### Collected data
·····
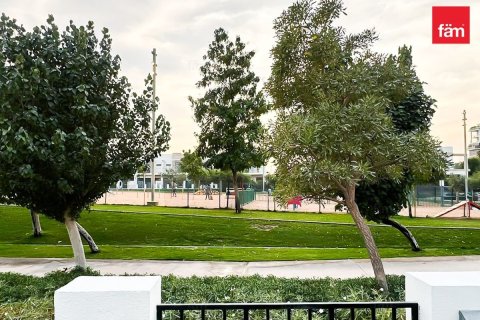 Снять в аренду таунхаус в Дубае: 4 спальни, 180м², № 93433 - фото 25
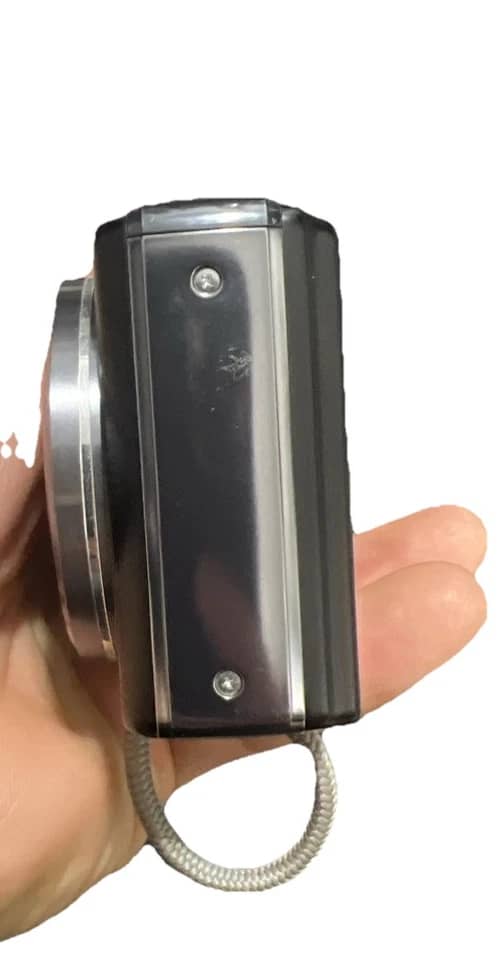Panasonic Exilim EX-ZS10 Digital Cameras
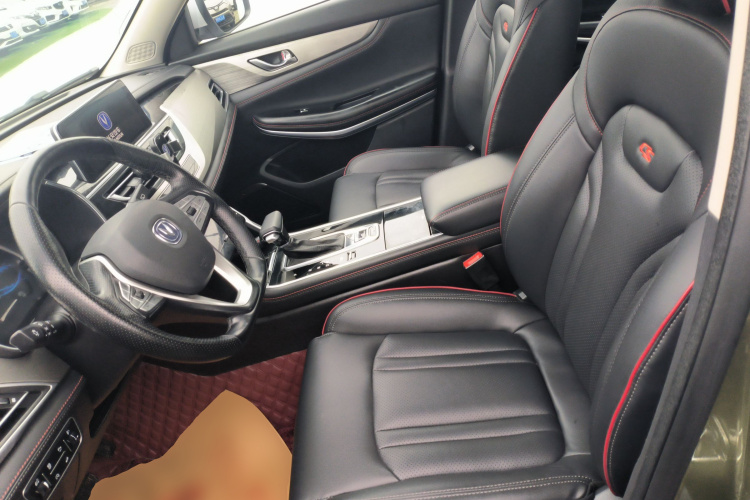 长安CS75 2018款 280T 自动精智型 国V中控内饰19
·····
### Brief
Omitting the images, copy the listing exactly.

### Exercise solution
 Снять в аренду таунхаус в Дубае: 4 спальни, 180м², № 93433 - фото 25
Panasonic Exilim EX-ZS10 Digital Cameras
 长安CS75 2018款 280T 自动精智型 国V中控内饰19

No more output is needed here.